The problem → The response should consist of every record, reproduced exactly.

Extracted data →

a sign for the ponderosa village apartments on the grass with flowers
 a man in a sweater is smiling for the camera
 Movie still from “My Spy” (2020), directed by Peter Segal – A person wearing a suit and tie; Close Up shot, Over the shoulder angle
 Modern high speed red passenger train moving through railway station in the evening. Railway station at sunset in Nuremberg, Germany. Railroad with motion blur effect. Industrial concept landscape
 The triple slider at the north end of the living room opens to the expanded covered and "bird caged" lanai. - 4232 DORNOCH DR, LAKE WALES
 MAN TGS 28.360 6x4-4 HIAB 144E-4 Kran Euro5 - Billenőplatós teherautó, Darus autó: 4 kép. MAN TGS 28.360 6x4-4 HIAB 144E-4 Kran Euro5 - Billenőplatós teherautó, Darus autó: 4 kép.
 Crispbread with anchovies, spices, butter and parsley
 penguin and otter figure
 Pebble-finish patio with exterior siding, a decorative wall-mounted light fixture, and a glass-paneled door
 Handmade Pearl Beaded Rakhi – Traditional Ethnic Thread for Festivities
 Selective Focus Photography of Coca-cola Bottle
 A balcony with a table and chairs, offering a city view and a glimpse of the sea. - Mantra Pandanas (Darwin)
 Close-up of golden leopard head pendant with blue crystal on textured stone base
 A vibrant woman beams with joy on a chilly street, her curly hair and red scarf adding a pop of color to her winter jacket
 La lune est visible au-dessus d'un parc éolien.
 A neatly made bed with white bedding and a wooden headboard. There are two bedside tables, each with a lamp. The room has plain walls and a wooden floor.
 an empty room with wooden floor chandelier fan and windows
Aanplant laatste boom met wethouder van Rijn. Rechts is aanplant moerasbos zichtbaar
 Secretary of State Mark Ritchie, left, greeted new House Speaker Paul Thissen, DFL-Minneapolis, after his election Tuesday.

Answer box →
a sign for the ponderosa village apartments on the grass with flowers
 a man in a sweater is smiling for the camera
 Movie still from “My Spy” (2020), directed by Peter Segal – A person wearing a suit and tie; Close Up shot, Over the shoulder angle
 Modern high speed red passenger train moving through railway station in the evening. Railway station at sunset in Nuremberg, Germany. Railroad with motion blur effect. Industrial concept landscape
 The triple slider at the north end of the living room opens to the expanded covered and "bird caged" lanai. - 4232 DORNOCH DR, LAKE WALES
 MAN TGS 28.360 6x4-4 HIAB 144E-4 Kran Euro5 - Billenőplatós teherautó, Darus autó: 4 kép. MAN TGS 28.360 6x4-4 HIAB 144E-4 Kran Euro5 - Billenőplatós teherautó, Darus autó: 4 kép.
 Crispbread with anchovies, spices, butter and parsley
 penguin and otter figure
 Pebble-finish patio with exterior siding, a decorative wall-mounted light fixture, and a glass-paneled door
 Handmade Pearl Beaded Rakhi – Traditional Ethnic Thread for Festivities
 Selective Focus Photography of Coca-cola Bottle
 A balcony with a table and chairs, offering a city view and a glimpse of the sea. - Mantra Pandanas (Darwin)
 Close-up of golden leopard head pendant with blue crystal on textured stone base
 A vibrant woman beams with joy on a chilly street, her curly hair and red scarf adding a pop of color to her winter jacket
 La lune est visible au-dessus d'un parc éolien.
 A neatly made bed with white bedding and a wooden headboard. There are two bedside tables, each with a lamp. The room has plain walls and a wooden floor.
 an empty room with wooden floor chandelier fan and windows
Aanplant laatste boom met wethouder van Rijn. Rechts is aanplant moerasbos zichtbaar
 Secretary of State Mark Ritchie, left, greeted new House Speaker Paul Thissen, DFL-Minneapolis, after his election Tuesday.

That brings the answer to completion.